I do tech support for a college textbook/e-learning publisher. I'm on a sort of quasi-elite team of people (believe me when i tell you i am the stupidest one on the team) who handle all of our biggest products for all of our most important adoptions (colleges who are using the hell out of the product/s). So i support maybe a dozen of our most major products up to a "tier 3" level, which means that unless the problem absolutely must involve a developer, the problem must end with me resolving it. No problem so far! It's kind of fun. Or it should be.
Although we use a ticketing system (actually one for internal escalations up to developers and one for our customers to bring us their problems), we still manage to get several hundred internal emails per day from various sources. Most of those are copies of every escalated ticket from everyone in our group, which we are for some idiotic reason not allowed to filter or rule away into their own folders or auto-archived (as if they expect us to read all that shit). Every other communication is copied to everyone else on the team, so everyone essentially gets everyone else's email all of the time. Several hundred of 'em. Per day. Most of which must be manually dealt with in some way.
Well because that's
not enough work, they asked me if i would "volunteer" to be cross-trained for another team's products. At first i said "yeah i guess i mean okay sure i suppose" but then a few hours later decided to backtrack on that. I told them it would just be too much for me since my dad had died only a couple of weeks before. I was already a little stressed out and overwhelmed, to say the least.
So that next week i find that i'm on a schedule to be cross-trained for TWO other teams' products.
The one they originally asked me to "volunteer" to handle has about 200 products. Mostly minor products and some that are downright obscure, but 1) there is very little documentation for most of it and 2) virtually none for some of it. So now in total (and damn sure i counted) i handle 230 products, up to a tier 3 level.
The other team whose products i suddenly find myself supporting are the
real elite hit-squad in our tech support center.

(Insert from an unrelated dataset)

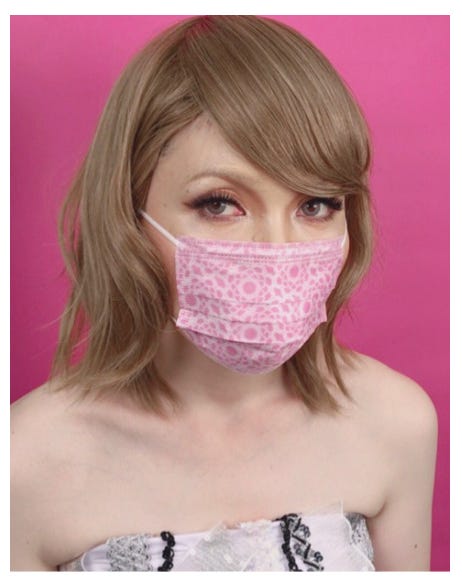 ざわちんがテイラー・スウィフト風ものまねメイクを施した誠子/ざわちんオフィシャルブログより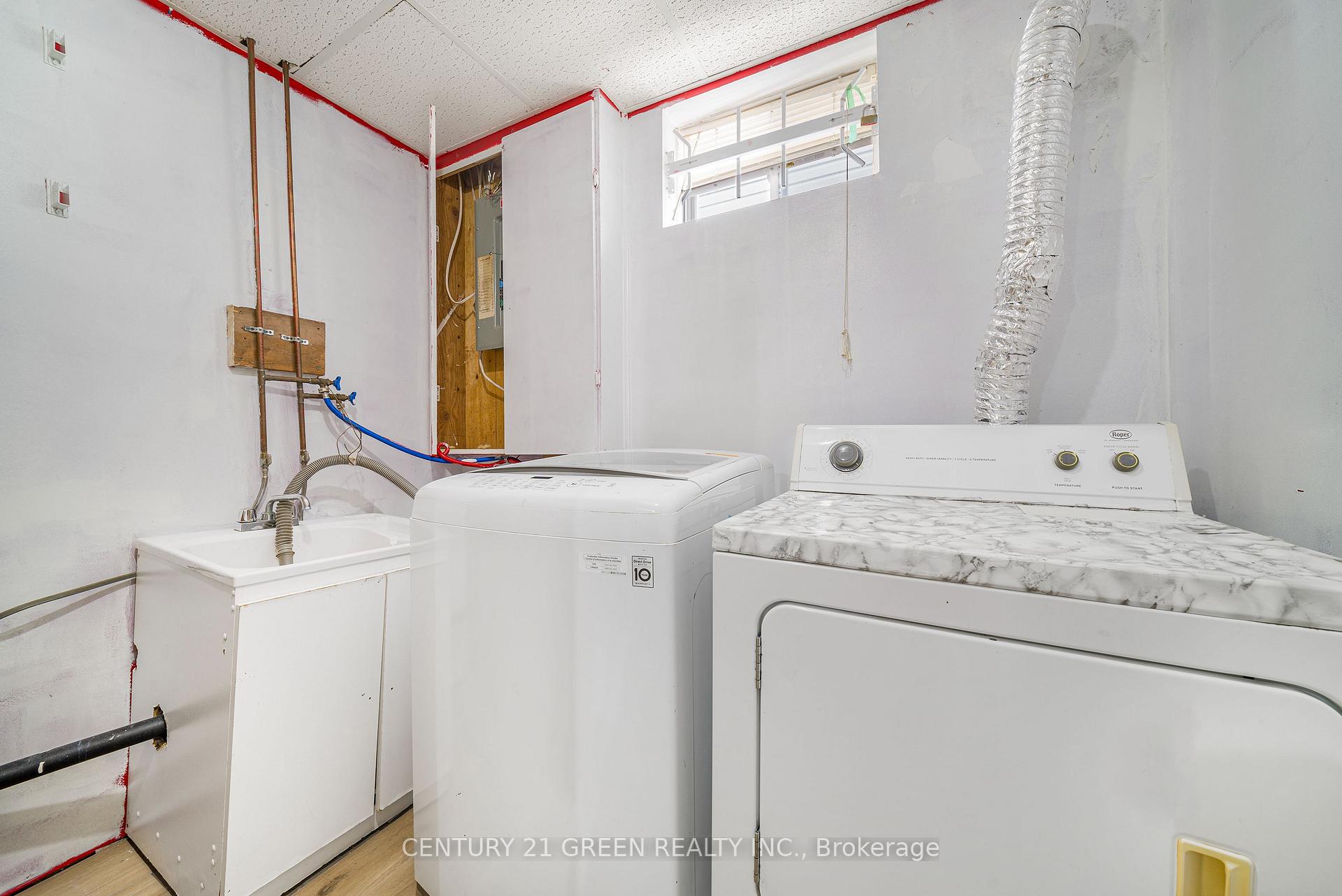 Photo 45 of 132 Carlton Street, St. Catharines, Downtown — HOMEH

They work on really very complicated issues involving, essentially,
APIs - pushing our content and platform out to various colleges'
LMS systems (to put it basically). It's pretty high-end and very involved.
Of course, despite the fact that we have a training department, my "training" consisted of
a couple of days sitting with a person in each of those two other groups -
peers, who were not even told to expect they'd have to suddenly find themselves skilled at training people.

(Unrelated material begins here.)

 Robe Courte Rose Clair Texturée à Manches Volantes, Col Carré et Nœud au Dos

Thankfully, they said i'd only have to be backup for those other teams... just handling their calls when they have overflow - when they have more calls than they have available agents. In practice, those teams are sitting there waiting for several minutes or more between calls while i am taking calls for
their products back to back to back all day long. And this is in our off-season. When i would normally be playing Angry Birds or some shit while waiting for a call.
And did i get a raise for this bullshit? Grrr.